-- Data for review follows --

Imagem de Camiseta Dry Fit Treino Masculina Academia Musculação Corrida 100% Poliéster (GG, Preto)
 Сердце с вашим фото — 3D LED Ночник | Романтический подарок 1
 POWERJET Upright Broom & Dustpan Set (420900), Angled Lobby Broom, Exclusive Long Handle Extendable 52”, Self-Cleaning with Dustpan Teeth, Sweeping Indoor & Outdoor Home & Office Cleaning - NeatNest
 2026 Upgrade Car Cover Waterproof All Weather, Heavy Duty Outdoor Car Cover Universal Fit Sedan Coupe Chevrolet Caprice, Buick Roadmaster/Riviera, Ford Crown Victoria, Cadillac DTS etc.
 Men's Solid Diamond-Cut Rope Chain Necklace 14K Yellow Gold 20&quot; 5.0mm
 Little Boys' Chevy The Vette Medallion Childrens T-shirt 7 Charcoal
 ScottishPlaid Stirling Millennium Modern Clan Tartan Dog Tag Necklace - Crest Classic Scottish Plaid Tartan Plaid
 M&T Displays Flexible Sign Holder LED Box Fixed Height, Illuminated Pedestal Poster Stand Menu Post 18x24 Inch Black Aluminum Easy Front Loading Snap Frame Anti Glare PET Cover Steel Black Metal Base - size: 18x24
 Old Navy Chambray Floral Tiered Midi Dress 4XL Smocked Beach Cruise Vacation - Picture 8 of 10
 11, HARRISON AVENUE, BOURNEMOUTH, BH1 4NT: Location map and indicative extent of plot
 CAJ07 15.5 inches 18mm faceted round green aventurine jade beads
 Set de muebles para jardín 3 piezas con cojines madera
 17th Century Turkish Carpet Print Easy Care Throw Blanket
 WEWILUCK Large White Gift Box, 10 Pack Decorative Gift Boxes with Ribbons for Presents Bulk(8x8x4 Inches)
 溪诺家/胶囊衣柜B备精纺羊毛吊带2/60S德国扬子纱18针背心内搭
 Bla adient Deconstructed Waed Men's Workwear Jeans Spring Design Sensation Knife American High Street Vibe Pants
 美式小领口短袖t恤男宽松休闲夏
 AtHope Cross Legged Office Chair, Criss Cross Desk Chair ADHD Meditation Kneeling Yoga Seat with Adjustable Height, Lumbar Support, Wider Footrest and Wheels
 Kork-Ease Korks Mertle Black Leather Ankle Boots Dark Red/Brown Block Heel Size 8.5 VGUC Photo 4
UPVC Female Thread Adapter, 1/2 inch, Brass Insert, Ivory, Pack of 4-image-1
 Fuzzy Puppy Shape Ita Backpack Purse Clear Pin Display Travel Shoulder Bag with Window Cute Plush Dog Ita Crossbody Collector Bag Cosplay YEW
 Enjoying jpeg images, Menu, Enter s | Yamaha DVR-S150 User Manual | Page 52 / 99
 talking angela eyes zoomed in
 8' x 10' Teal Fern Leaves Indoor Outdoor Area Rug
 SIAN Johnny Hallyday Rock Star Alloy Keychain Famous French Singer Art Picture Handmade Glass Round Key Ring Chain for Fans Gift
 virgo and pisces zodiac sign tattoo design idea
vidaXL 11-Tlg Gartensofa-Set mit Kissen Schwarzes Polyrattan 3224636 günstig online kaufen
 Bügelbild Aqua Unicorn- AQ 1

-- Data for review concluded --

With the line holding "M&T Displays Flexible" as the first and the line holding "Old Navy Chambray" as the last, please transcribe exactly the lines of the material above in that range and nothing else.

 M&T Displays Flexible Sign Holder LED Box Fixed Height, Illuminated Pedestal Poster Stand Menu Post 18x24 Inch Black Aluminum Easy Front Loading Snap Frame Anti Glare PET Cover Steel Black Metal Base - size: 18x24
 Old Navy Chambray Floral Tiered Midi Dress 4XL Smocked Beach Cruise Vacation - Picture 8 of 10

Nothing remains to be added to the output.